The Gospel is saying the same thing in more dramatic terms. Stay the course. Hold on to your faith because you never know when all of life may change. Luke puts this in catastrophic terms of floods and fire and brimstone. But the idea is that life and death is involved. I think it’s worthwhile to translate these images into everyday language. We may be tempted to take the physical images too literally and assume we are safe from tornadoes, hurricanes and earthquakes, even though recent news reports ought to give us pause even on this account. Or to think that Jesus’ is just referring to the end of time or the end of our life.

In this case, the issue is, will all the other things of modern life, today’s progressive ideas, the comfort of our culture eat away at what believing in Jesus and Catholic faith have to offer. Has the course of our life given us an outlook that no longer matches Jesus’ call for a life of love?

I would suggest to you that one important consideration is would I recognize an invitation from God to change my life? Is it possible that while I was in the middle of my everyday life, eating, drinking, buying, selling … that I would recognize the moment when I needed to leave everything behind or lose my life? Could there be times that are that dramatic in my life? Perhaps the situation isn’t dramatic but what is subtle, perhaps what lies just below the surface, may have just as important a consequence.

What if we weren’t talking about moments of physical choice? What if it wasn’t about which job or what relationship or what to do tonight but about, as John’s letter says, how I was walking through my own life? What if I was confronted with a challenge to my current ideas or attitudes? Might I have to change how I think in order to save my life, to stay faithful to the Gospel?

Perhaps the terrifying drama of the Gospel is about how frightening it can be to make significant choices in everyday life? Can I see God’s presence in the challenges to my ideas or the way I am walking through my life?

When the Apostles ask “Where?” they are acting as if the dangers to faith are out there beyond themselves in some physical place or location. But Jesus’ answer suggestions that the challenges to belief, the vultures, are wherever we are. The challenge to life is within ourselves. We need to remember that is also where God is. That is why it is so important to walk through all of life holding on to our faith in God and God’s love. So that when the moment to decide comes, dramatic or subtle, it will be clear what we need to hold on to and what we need to let go of.

Wednesday, Thirtieth Week in Ordinary Time

Today’s Scripture Readings

Ephesians 6:1-9, Psalm 145:10-14, Luke 13:22-30

These are not warm fuzzy readings today. These are in-your-face readings. Which means we should probably really pay attention. There are two images that stand out for me. Neither of which I like very much. First, in Ephesians, the author is talking about slaves and masters. Second, in Luke’s Gospel, Jesus is saying we should work to enter through the narrow gate. Together however they have something we need to hear. Whether we like it or not.

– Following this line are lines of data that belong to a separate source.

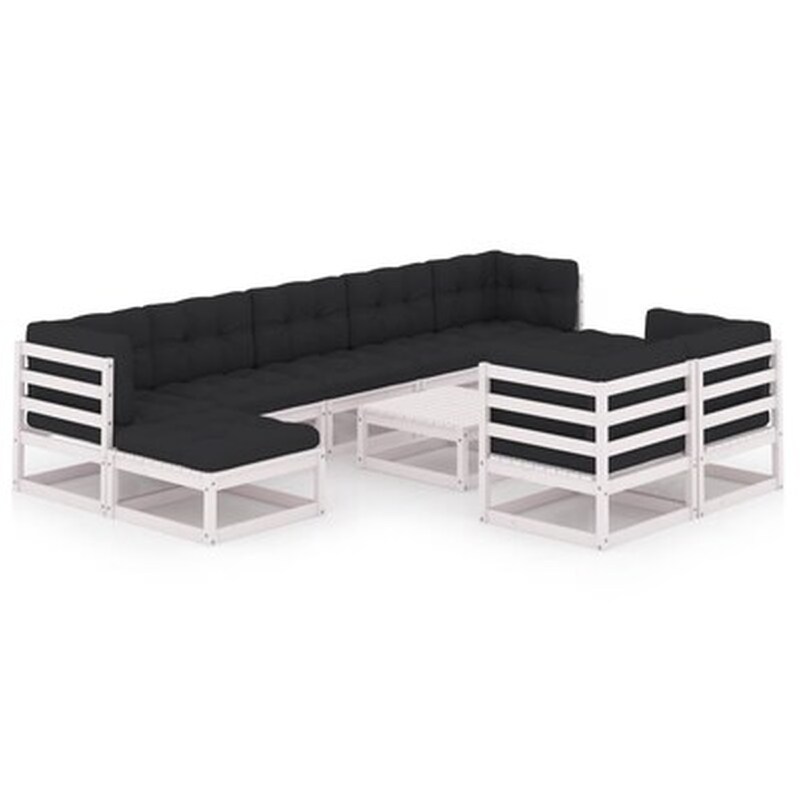 Σετ Σαλόνι Κήπου Vidaxl από Μασίφ Ξύλο Πεύκου με Μαξιλάρια 10 Τμχ - Ανθρακί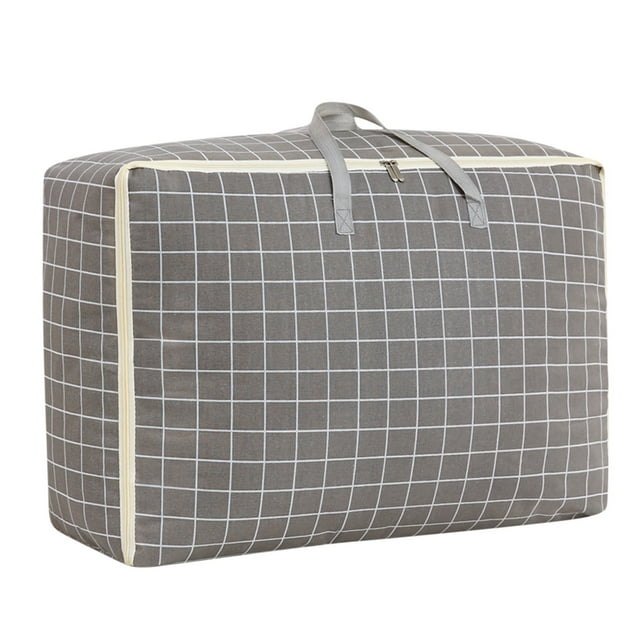Organizers and Storage,Storage Bag Organizer,Quilt Bag Organizer Clothes Bag Capacity Quilt Storage Bag Large Moving Bag Gray Plaid Medium Sized,Storage Bag Organizer,Clothes Storage Organizer
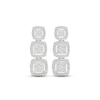 Thumbnail Image 1 of Multi-Diamond Three Cushion Drop Earrings 1/2 ct tw Round-cut 10K White Gold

The problem with slaves and masters is that we have finally rejected this arrangement as a society so talking about it in any way other than condemnation sets off emotional and mental resistance. However, translations can make a huge difference. So here is the New Jerusalem Bible version of this slave/master section of Ephesians:

Slaves, be obedient to those who are, according to human reckoning, your masters, with deep respect and sincere loyalty, as you are obedient to Christ: not only when you are under their eye, as if you had only to please human beings, but as slaves of Christ who wholeheartedly do the will of God. Work willingly for the sake of the Lord and not for the sake of human beings. Never forget that everyone, whether a slave or a free man, will be rewarded by the Lord for whatever work he has done well. And those of you who are employers, treat your slaves in the same spirit; do without threats, and never forget that they and you have the same Master in heaven and there is no favoritism with him.”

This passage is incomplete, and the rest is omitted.